The Slack Street recycling center hasn't been able to accept glass since it reopened in December, after being closed for months because of structural issues on the site.
When George Hunyadi, owner of West Virginia Recycling Services, took over the center in December, he wasn't immediately sure that it was practical to accept glass. It's heavy, and there's not a lot that can be done with it once it's been broken - he didn't want the county's glass to come through his facility only to end up in a landfill.
"But the number one question I got asked is 'why did you guys stop taking it?'" he said. "I've been receiving phone calls asking about it since Christmastime."
James Young, executive director of the Kanawha County Solid Waste Authority, said survey data backs that up.
"It's more of a public service than anything else," Young said.
The glass will be pulverized on site.
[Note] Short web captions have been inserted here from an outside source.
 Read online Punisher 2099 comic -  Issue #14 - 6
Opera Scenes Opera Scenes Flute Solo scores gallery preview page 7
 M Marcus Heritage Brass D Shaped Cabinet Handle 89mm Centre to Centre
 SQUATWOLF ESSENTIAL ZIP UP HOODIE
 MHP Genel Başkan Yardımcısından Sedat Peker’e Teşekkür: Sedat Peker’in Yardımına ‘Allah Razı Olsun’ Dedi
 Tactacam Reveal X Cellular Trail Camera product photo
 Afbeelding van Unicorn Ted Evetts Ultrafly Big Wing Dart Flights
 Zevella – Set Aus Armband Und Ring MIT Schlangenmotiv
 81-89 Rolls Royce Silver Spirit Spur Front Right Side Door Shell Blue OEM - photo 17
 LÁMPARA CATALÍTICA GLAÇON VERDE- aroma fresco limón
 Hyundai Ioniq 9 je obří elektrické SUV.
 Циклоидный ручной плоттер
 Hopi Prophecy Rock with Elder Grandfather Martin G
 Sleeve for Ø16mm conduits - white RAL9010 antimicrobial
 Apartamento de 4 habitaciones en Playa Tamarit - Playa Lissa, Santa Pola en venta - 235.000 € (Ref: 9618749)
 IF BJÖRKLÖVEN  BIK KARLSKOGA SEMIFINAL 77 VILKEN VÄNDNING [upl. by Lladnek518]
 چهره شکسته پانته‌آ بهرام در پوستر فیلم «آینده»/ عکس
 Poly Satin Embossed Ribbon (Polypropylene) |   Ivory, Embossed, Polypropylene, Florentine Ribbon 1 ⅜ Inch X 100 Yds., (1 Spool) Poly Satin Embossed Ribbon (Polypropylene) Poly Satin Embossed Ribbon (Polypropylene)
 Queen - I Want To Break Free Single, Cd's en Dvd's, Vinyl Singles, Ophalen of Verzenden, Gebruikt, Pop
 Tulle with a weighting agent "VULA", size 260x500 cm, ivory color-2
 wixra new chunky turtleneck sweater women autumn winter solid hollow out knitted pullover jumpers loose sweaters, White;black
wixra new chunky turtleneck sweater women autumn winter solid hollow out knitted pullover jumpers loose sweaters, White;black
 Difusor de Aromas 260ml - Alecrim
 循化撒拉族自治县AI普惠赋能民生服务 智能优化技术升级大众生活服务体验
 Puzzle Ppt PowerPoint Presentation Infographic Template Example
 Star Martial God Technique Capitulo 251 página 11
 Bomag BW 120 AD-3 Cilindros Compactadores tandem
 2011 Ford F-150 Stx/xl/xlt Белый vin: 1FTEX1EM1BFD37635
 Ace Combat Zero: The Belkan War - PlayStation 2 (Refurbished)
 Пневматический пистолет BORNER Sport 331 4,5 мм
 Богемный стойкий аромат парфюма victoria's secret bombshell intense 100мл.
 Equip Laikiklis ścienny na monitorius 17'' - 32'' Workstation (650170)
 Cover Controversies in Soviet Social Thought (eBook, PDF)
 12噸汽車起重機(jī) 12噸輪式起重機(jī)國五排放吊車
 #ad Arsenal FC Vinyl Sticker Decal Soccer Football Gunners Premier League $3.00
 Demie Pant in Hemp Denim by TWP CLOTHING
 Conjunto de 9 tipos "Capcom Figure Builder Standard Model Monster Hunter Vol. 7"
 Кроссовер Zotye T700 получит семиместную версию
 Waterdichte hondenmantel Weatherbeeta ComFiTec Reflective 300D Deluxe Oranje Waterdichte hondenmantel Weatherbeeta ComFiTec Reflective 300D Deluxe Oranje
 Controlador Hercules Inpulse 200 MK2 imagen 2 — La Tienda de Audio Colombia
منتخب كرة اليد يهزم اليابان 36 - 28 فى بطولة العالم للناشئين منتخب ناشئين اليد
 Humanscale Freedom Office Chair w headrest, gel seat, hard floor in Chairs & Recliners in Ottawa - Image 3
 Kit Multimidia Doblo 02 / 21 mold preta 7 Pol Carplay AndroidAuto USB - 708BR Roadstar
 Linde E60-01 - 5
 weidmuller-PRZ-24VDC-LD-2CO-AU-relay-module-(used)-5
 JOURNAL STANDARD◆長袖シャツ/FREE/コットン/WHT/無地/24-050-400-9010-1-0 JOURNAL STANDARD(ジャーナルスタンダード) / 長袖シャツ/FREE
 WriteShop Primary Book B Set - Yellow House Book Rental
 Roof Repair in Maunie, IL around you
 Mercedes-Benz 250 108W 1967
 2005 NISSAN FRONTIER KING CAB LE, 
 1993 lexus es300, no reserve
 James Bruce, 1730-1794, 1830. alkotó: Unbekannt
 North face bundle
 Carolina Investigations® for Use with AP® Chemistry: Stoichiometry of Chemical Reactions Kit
That pulverized glass - about 3/8 of an inch thick at the most - will be available to the public for no charge. Anyone is free to come into the Slack Street Center and take some of the gravel-like crushed glass home with them.
"It's a variety of colors," Hunyadi said. "It's clear, brown, green... some of these bottles are blue. So altogether it's very attractive. People like the way it looks."
Eventually, the crushed glass will probably be used in place of gravel to pave roads or for other projects. Hunyadi is trying to avoid any disposal costs, so he's will to get rid of the crushed glass any way he can.
To recycle glass bottles and containers, bring them to the West Virginia Recycling Services center at 600 Slack St. The containers can be placed in a glass-specific bin alongside the other recycled materials being accepted there.
The facility is open from 7:30 a.m. to 5 p.m. on weekdays, and 8 a.m. to noon on Saturday.
Monday also marks the day the center will resume acceptance of recycled materials from local municipalities. Since the Slack Street Center was shut down, those municipalities have been forced to truck recycled materials to other, far-off locations.
"So that's going to start taking a lot of the burden off the cities," Young said. "It's a good day for the residents but also really for those municipalities that have had to do that for so long."